- _Your objective_
Transcribe each entry exactly; skip the images.

- _Data_
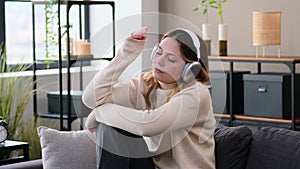 Melancholy Woman Listening Music On Sofa At Home
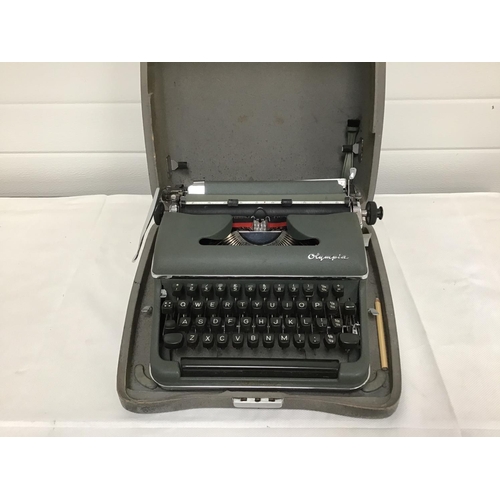 232 - VINTAGE OLYMPIA TYPEWRITER IN CASE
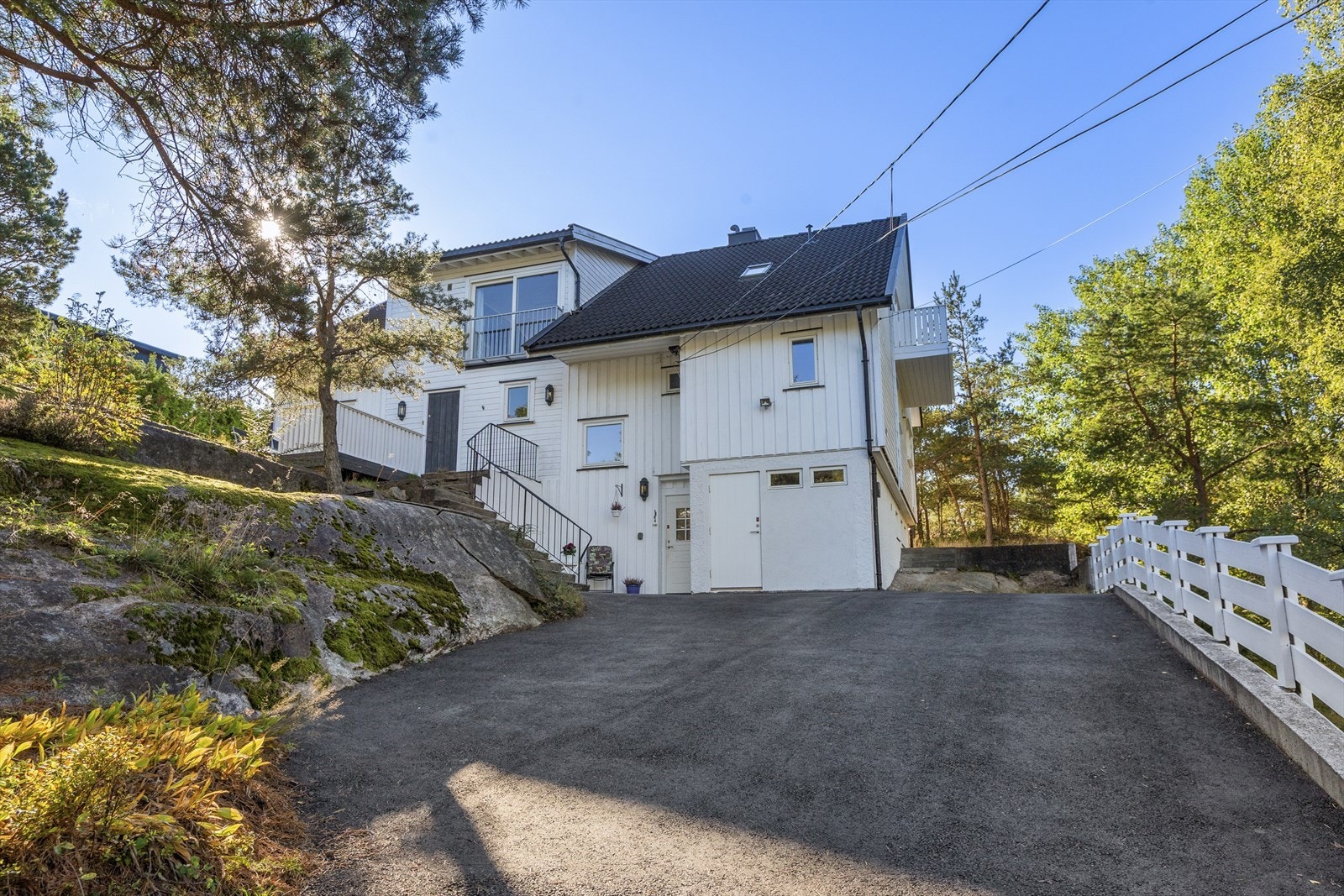 Oppkjørsel med plass til flere biler. Det er montert elbil-lader i husveggen. Det er også opparbeidet ekstra parkeringsplass nedenfor tomten langs veien Galleribilde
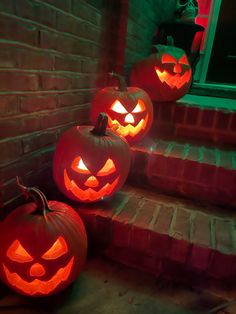 three carved pumpkins sitting on the steps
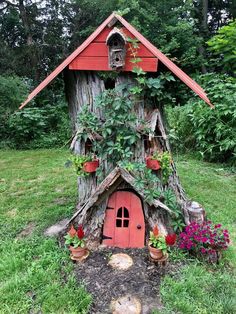 a tree stump house with plants growing out of it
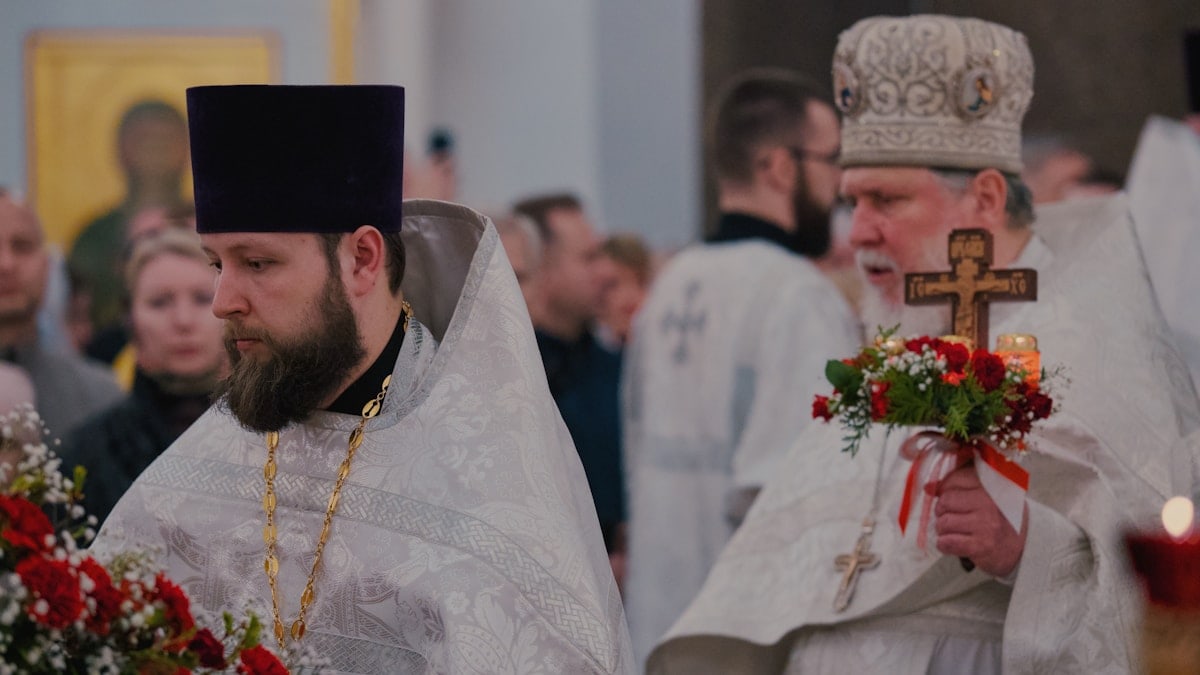 Two priests are in a religious procession.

- _Result of the task_
 Melancholy Woman Listening Music On Sofa At Home
 232 - VINTAGE OLYMPIA TYPEWRITER IN CASE
 Oppkjørsel med plass til flere biler. Det er montert elbil-lader i husveggen. Det er også opparbeidet ekstra parkeringsplass nedenfor tomten langs veien Galleribilde
 three carved pumpkins sitting on the steps
 a tree stump house with plants growing out of it
 Two priests are in a religious procession.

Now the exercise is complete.